> _WHAT THE TASK ASKS_
The expected answer is the set of lines in the data below between the line holding "Profile Picture of" and the line holding "豊前裏打会 萬田うどん 薬院本店", inclusive, written out exactly.

> _GIVEN INFORMATION_
= Beginning of Section =

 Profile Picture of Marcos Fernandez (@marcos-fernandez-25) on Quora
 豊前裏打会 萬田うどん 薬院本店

= End of Section =
= Beginning of Section =

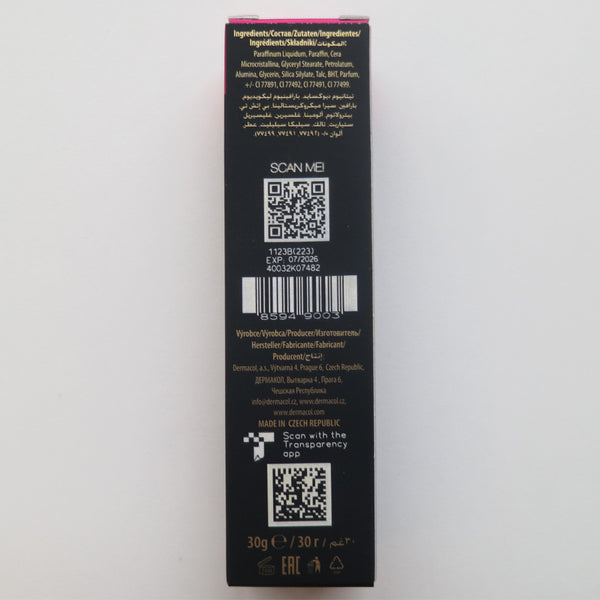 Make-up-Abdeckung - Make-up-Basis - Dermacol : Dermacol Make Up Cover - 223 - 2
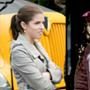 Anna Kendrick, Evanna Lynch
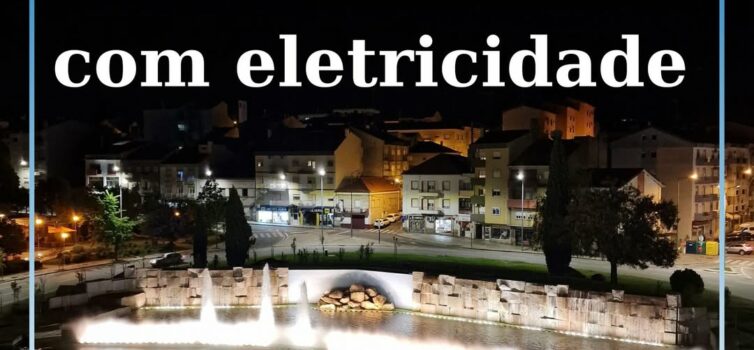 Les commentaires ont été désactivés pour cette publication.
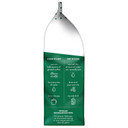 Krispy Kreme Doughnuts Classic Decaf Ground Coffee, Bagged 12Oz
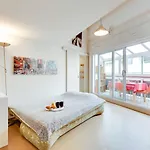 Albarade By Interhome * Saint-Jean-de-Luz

= End of Section =

> _ANSWER SECTION_
 Profile Picture of Marcos Fernandez (@marcos-fernandez-25) on Quora
 豊前裏打会 萬田うどん 薬院本店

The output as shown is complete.